Now Rawls, a second-year information technology major, works with the Liberty Partnerships Program offered by RIT’s Office of K-12 Programs. RIT partners with Greece Olympia High School and Iglesia Educational Centers, offering academic support and college and career preparation through workshops, internships, college tours, counseling and field trips.

“The need for support programs in the Greece area has been slowly increasing over the years,” says Katrina Wetzel, program counselor for the Liberty Partnerships Program. “Our current roster accommodates 203 9th- through 12th-grade students from Greece Olympia High School.”

Students who participate in the Liberty Partnerships Program improve their problem-solving skills and academic success, Wetzel says. The program offers after-school tutoring sessions and life-skills workshops at Greece Olympia. Tutors are provided through Iglesia Educational Centers. Students also come to RIT for the Imagine RIT: Innovation and Creativity Festival, Summer Math Camp and Super Saturday events, which cover topics on college readiness and high school dropout prevention.

Rawls most recently helped out at this year’s Summer Math Camp, in which 25 high school students came to RIT every day for two weeks for workshops on college readiness and career exploration as well as math skills and techniques.

Rawls says he was approached to work for the K-12 programs because he once was in the same position as the high school students. “They thought I would be a great mentor for the students. I like to give back to the students who were in the same situation I was in.”

One of those students is Greece Olympia junior Rima Gebremariam. She joined the program after hearing about her cousin’s experience with RIT STEP at Rush-Henrietta.

“I wish we had this program a long time ago, even in middle school. I had friends that dropped out because no one was pushing us.”

Gebremariam says her tutors and other instructors provided the push she needed to get her schoolwork done. “They definitely motivated me. They check our grades and ask what’s going on.
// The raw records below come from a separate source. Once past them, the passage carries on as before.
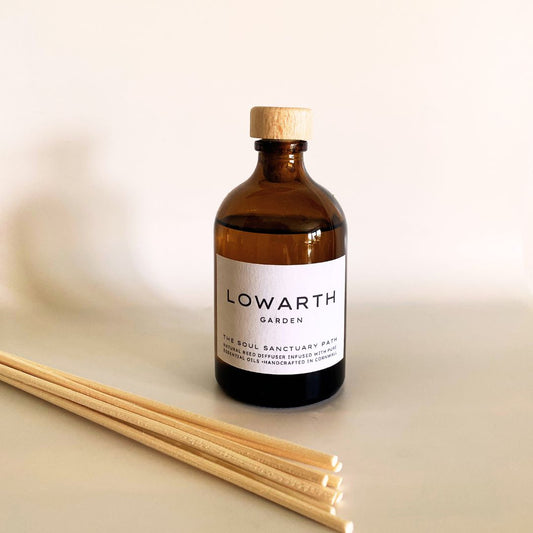The LOWARTH Reed Diffuser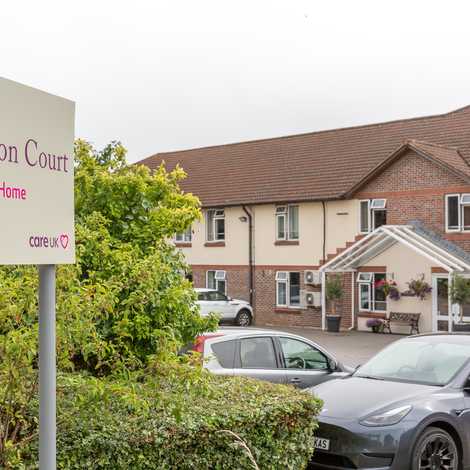 Darlington Court - Care Home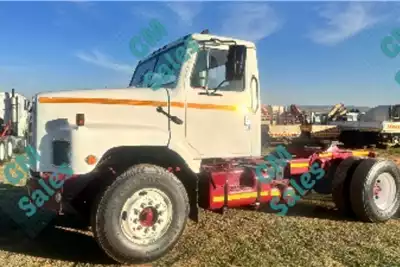 International Truck tractors 1981International S Line S A Horse (4x2)R200,000 1981 for sale by GM Sales | AgriMag Marketplace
There’s a tutor for every subject, so there’s no excuse.”

Wetzel helped Gebremariam with job search and interview skills by providing applications and ads looking for employees, conducting mock interviews and going over interview skills. Gebremariam now has a part-time job at Tuxedo Junction, and she has been the employee of the month twice. She hasn’t decided on a college yet but hopes to someday be a doctor.

“I love this program,” she says. “I was always in there more than anybody. They’re really good people. I tell all my friends to join.”

Rawls, who hopes to land a job in network administration, echoes Gebremariam’s advice. “Take the opportunity to take programs like these. It’s an opportunity that shouldn’t be passed up.”